====== Supplied entries
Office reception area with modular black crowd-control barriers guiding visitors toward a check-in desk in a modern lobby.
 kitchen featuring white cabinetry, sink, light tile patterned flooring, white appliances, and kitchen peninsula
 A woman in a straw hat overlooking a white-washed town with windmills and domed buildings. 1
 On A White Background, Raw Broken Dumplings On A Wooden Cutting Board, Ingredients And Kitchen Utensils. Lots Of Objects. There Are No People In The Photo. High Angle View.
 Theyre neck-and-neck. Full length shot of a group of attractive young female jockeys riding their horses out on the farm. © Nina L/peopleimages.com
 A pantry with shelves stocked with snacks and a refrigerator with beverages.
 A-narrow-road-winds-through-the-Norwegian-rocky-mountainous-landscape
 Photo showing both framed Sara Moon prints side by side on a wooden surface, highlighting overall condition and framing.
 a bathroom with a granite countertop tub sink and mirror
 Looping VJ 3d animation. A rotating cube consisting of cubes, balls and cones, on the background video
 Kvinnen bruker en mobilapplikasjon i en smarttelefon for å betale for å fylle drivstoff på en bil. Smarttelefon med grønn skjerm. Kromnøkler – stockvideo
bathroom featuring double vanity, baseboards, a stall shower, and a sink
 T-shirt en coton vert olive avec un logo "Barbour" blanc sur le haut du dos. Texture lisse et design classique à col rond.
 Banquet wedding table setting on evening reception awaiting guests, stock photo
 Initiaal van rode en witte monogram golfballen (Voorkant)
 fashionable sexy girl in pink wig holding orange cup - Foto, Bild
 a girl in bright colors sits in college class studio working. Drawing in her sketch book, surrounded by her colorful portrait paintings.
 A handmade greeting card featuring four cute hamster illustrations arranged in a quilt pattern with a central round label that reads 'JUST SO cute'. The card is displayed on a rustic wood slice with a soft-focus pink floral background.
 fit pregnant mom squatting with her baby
============
**The task:**
Once you find the line with "On A White Background, Raw" above, print it and every line after it up to and including the line with "bathroom featuring double", exactly as written and nothing else.

**Task result:**
 On A White Background, Raw Broken Dumplings On A Wooden Cutting Board, Ingredients And Kitchen Utensils. Lots Of Objects. There Are No People In The Photo. High Angle View.
 Theyre neck-and-neck. Full length shot of a group of attractive young female jockeys riding their horses out on the farm. © Nina L/peopleimages.com
 A pantry with shelves stocked with snacks and a refrigerator with beverages.
 A-narrow-road-winds-through-the-Norwegian-rocky-mountainous-landscape
 Photo showing both framed Sara Moon prints side by side on a wooden surface, highlighting overall condition and framing.
 a bathroom with a granite countertop tub sink and mirror
 Looping VJ 3d animation. A rotating cube consisting of cubes, balls and cones, on the background video
 Kvinnen bruker en mobilapplikasjon i en smarttelefon for å betale for å fylle drivstoff på en bil. Smarttelefon med grønn skjerm. Kromnøkler – stockvideo
bathroom featuring double vanity, baseboards, a stall shower, and a sink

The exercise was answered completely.